_WORK INSTRUCTION_.
Taking the entries below, transcribe only the lines starting with the one with "Что происходит, когда ты открываешь сайт" and going on through the one with "It El / ello", exactly as written, without the pictures.

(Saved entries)
────────────────────

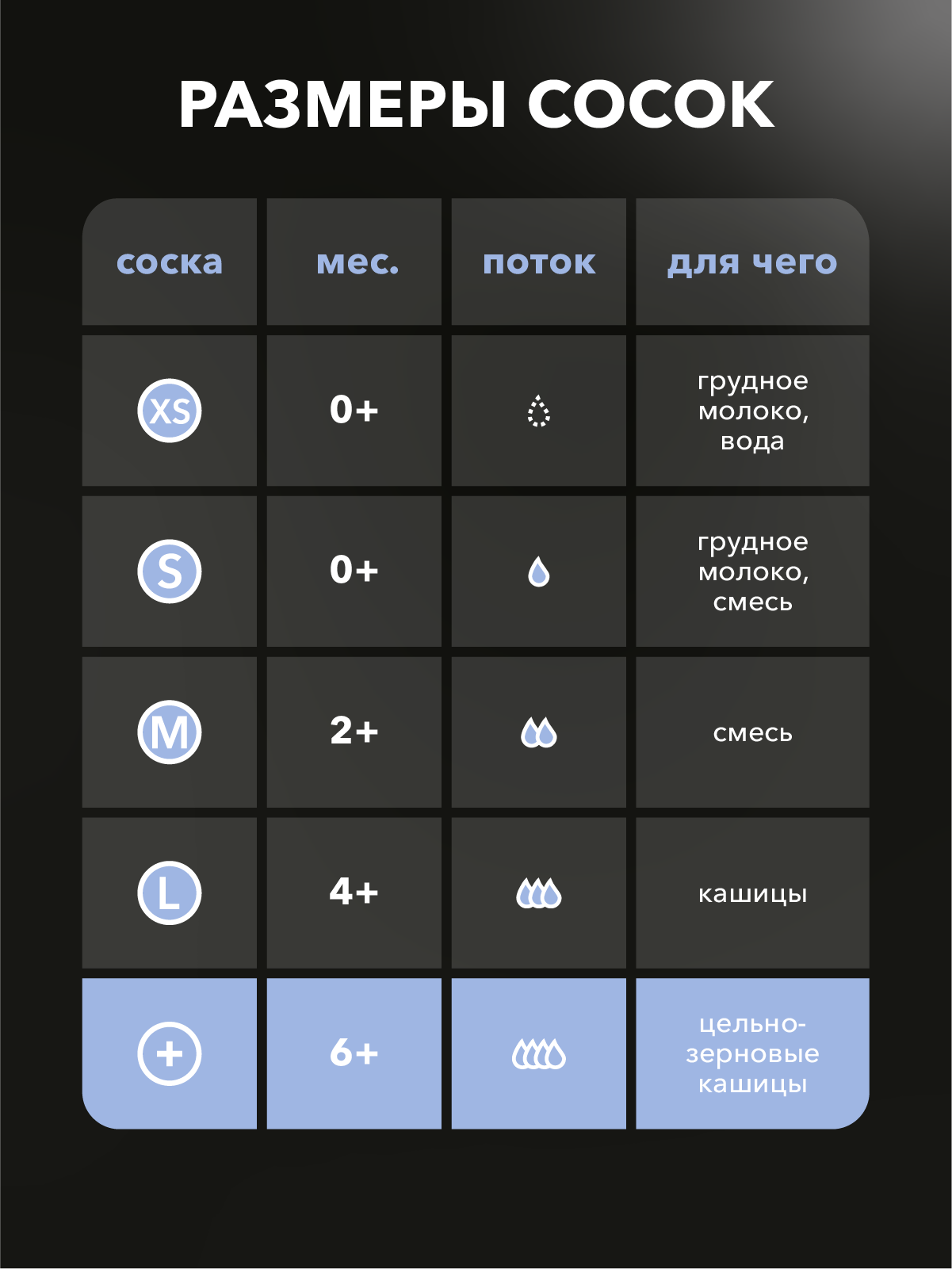 Изображение Соска антиколиковая Twistshake в наборе из 2 шт. Размер Plus (6+m). Арт. 78022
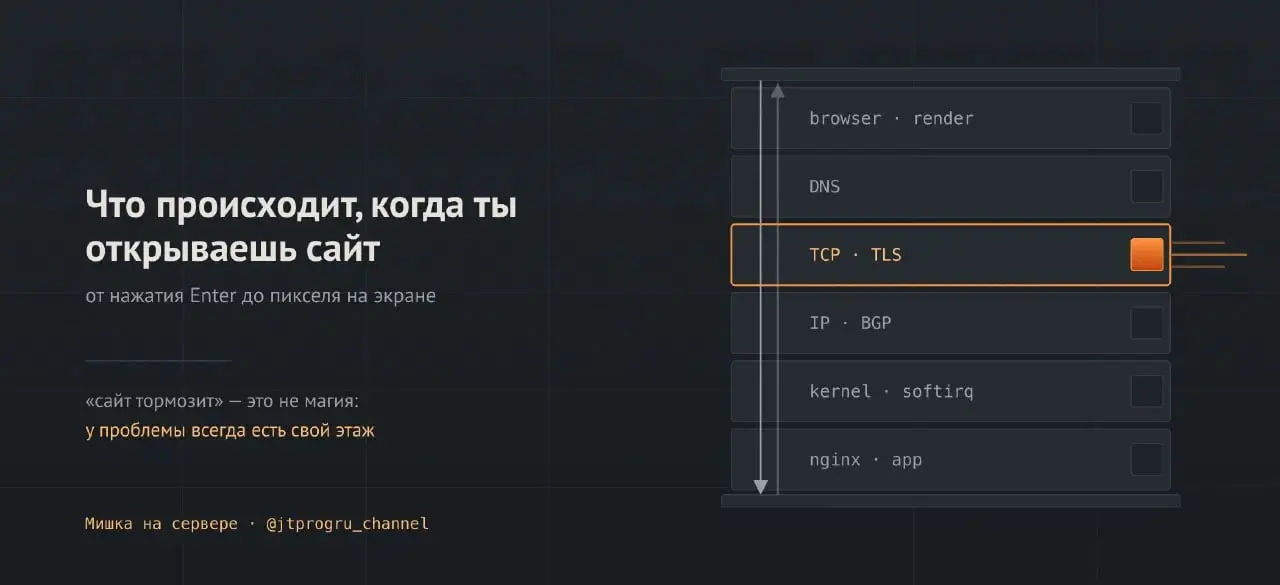 Что происходит, когда ты открываешь сайт
Спойлер: этот вопрос не зря любят на собеседованиях — по тому, где кандидат останавливается, видно всю его карту знаний | Сетка — социальная сеть от hh.ru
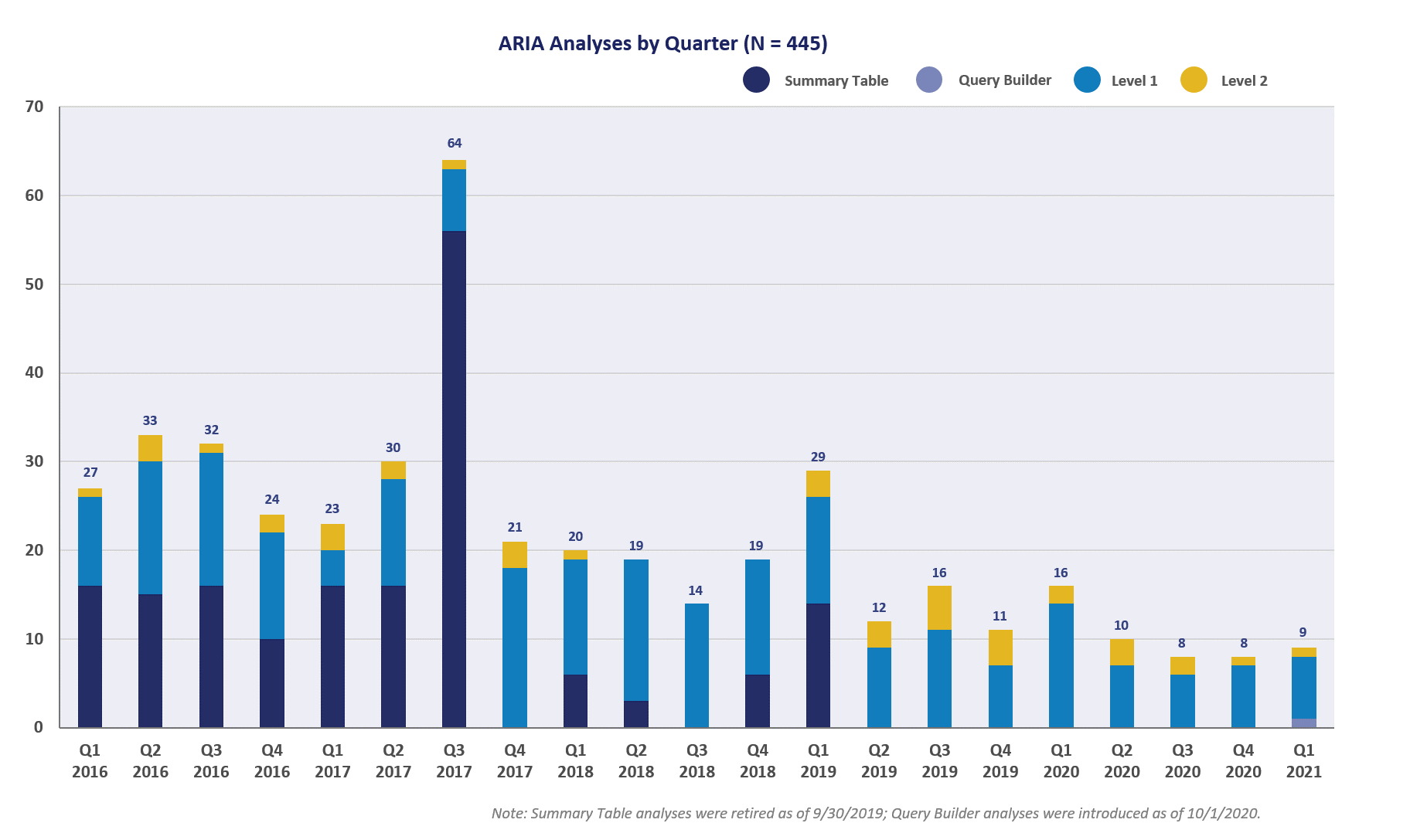 ARIA Analyses by Quarter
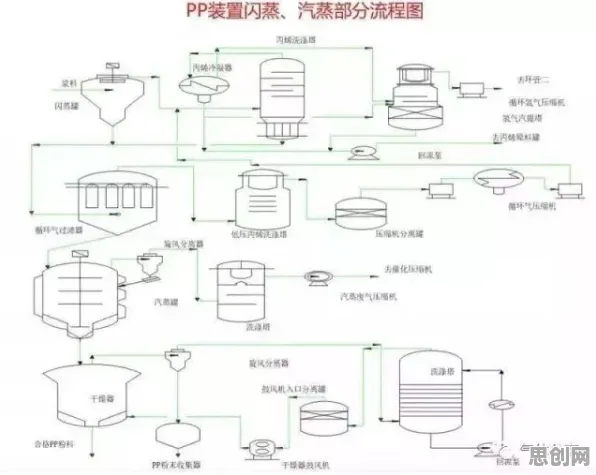 用安全多方计算解释工业容器化技术，一切都说得通了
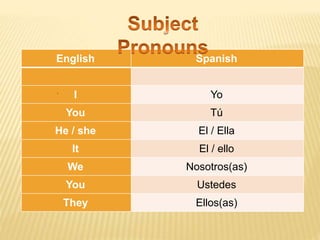 English Spanish
I Yo
You Tú
He / she El / Ella
It El / ello
We Nosotros(as)
You Ustedes
They Ellos(as)
.
 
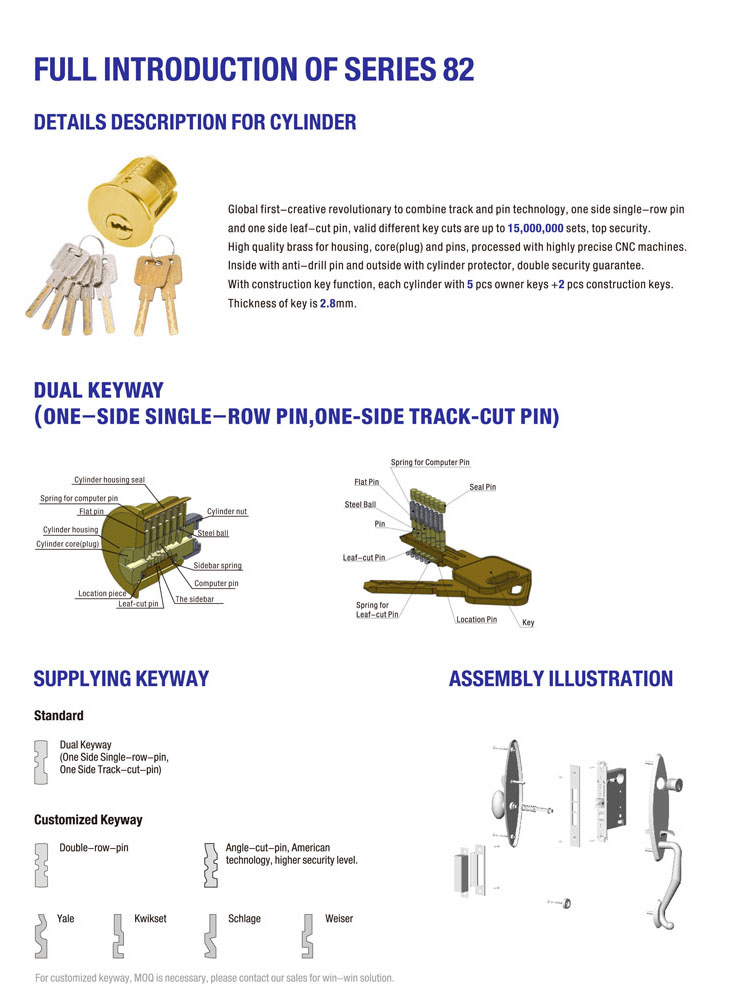 manijas de las puertas delanteras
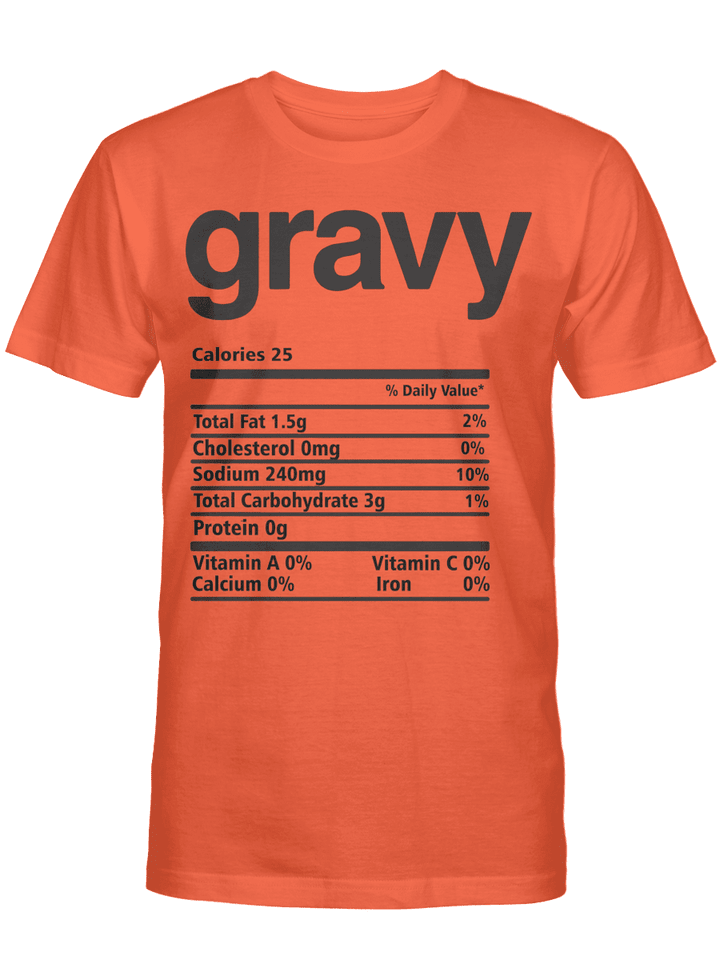 Nutrition Facts Gravy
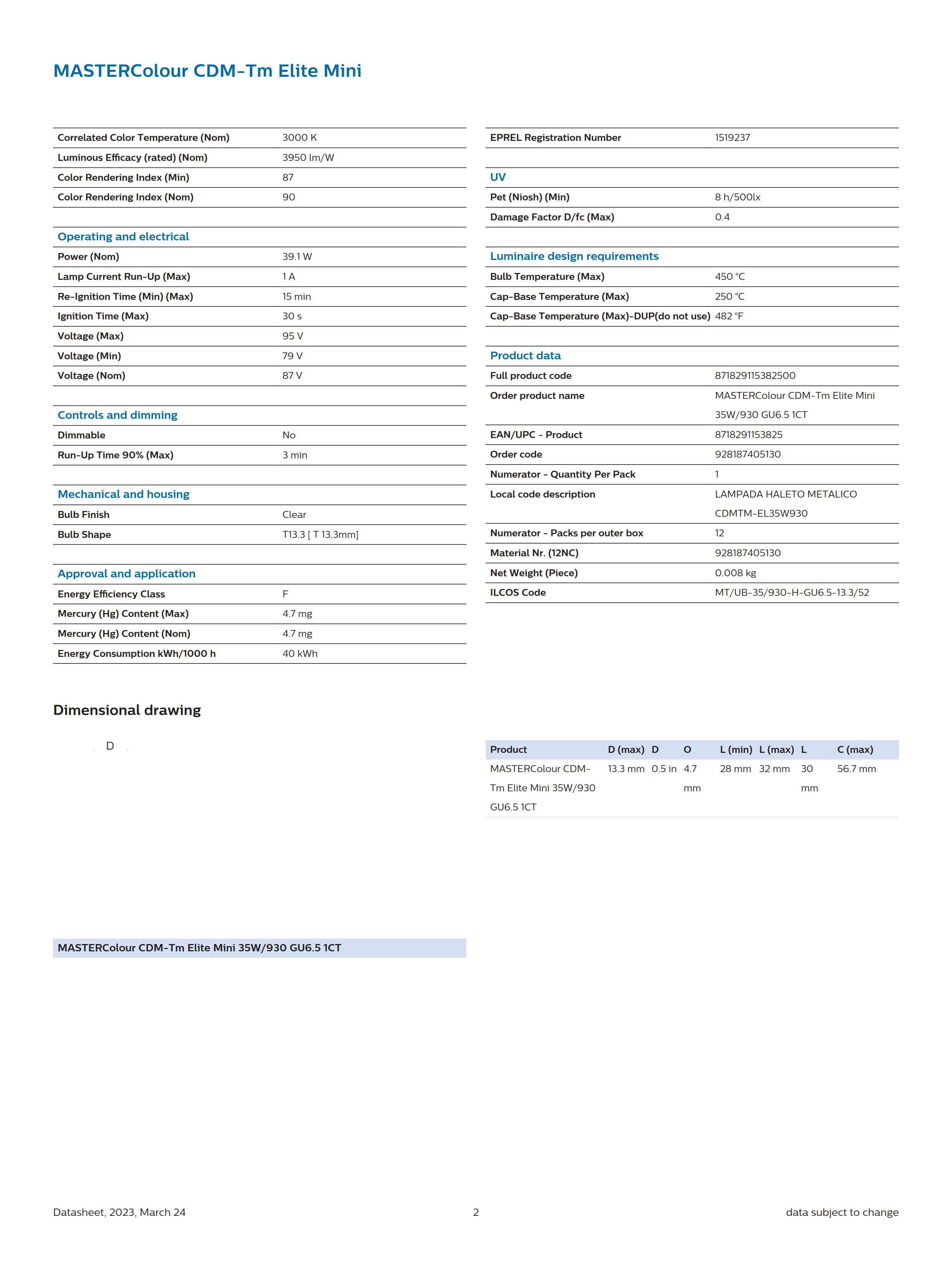 PHILIPS MASTERColour CDM-Tm Elite Mini 35W/930 GU6.5 1CT 928187405130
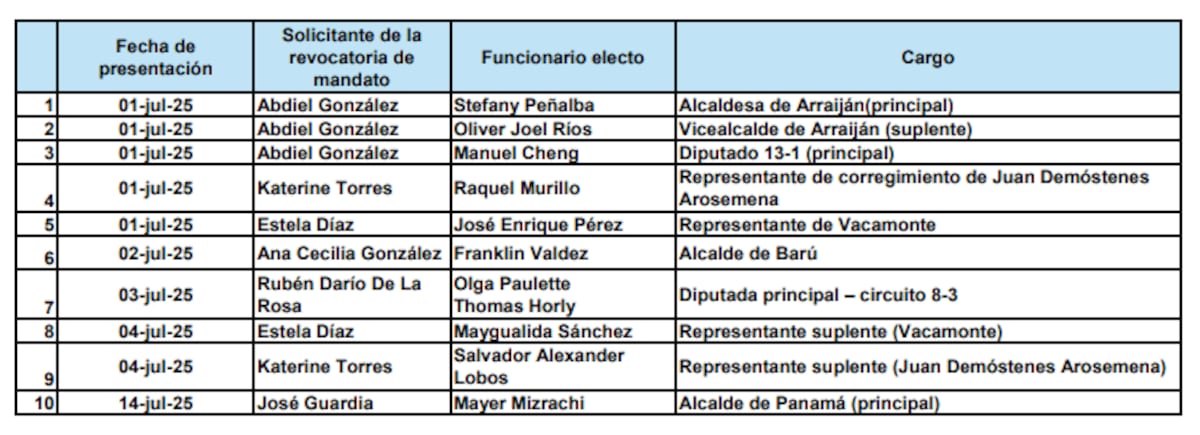 Presentan solicitud de revocatoria de mandato contra el alcalde Mayer Mizrachi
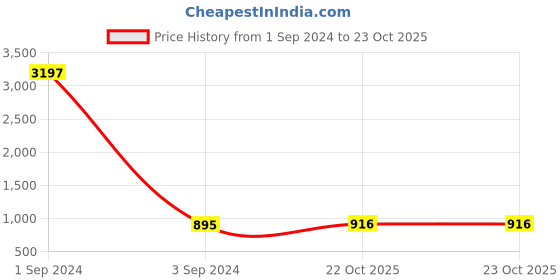 myntra.com Anni Designer Animal Printed V-Neck Straight Kurta With Trousers anni designer Price History Graph from 1 Sep 2024 to 23 Oct 2025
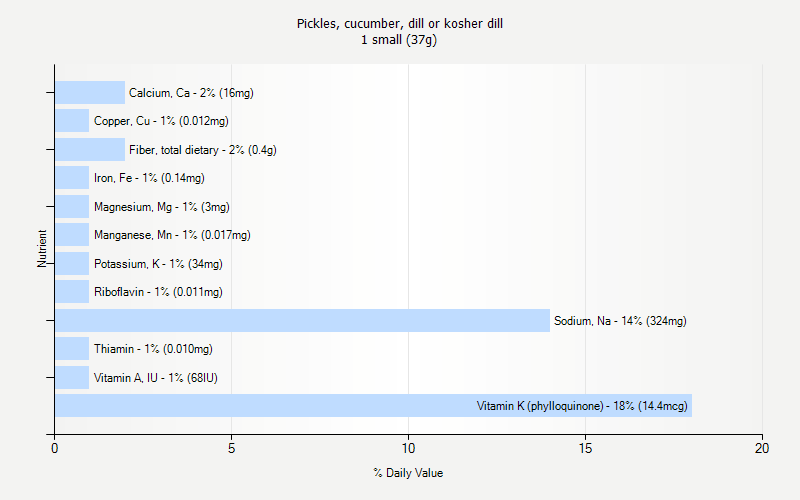 % Daily Value for Pickles, cucumber, dill or kosher dill 1 small (37g)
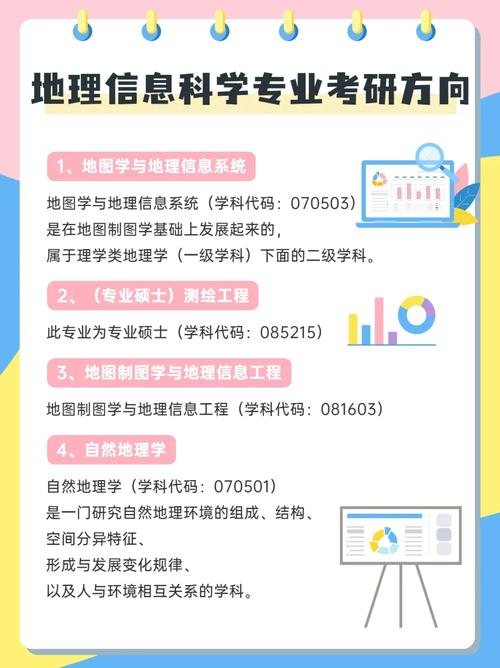 地理科學專業考研方向-圖1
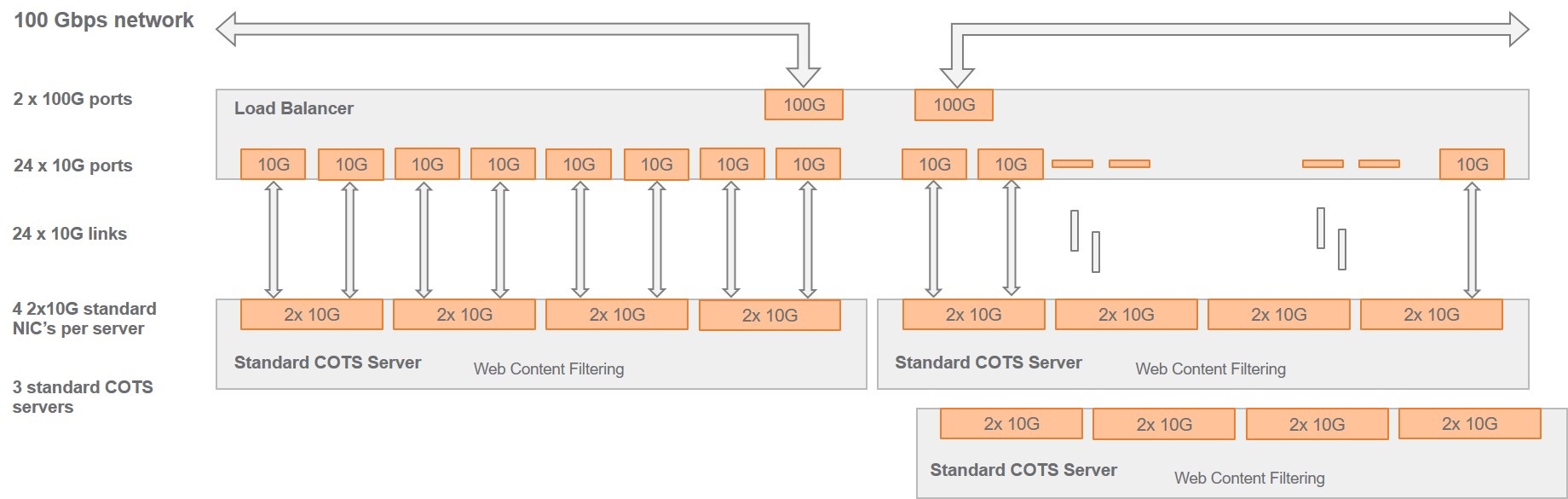 Web Content Filtering for 100G Telco Networks: Solutions to Consider ...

────────────────────

_TASK RESPONSE_.
 Что происходит, когда ты открываешь сайт
Спойлер: этот вопрос не зря любят на собеседованиях — по тому, где кандидат останавливается, видно всю его карту знаний | Сетка — социальная сеть от hh.ru
 ARIA Analyses by Quarter
 用安全多方计算解释工业容器化技术，一切都说得通了
 English Spanish
I Yo
You Tú
He / she El / Ella
It El / ello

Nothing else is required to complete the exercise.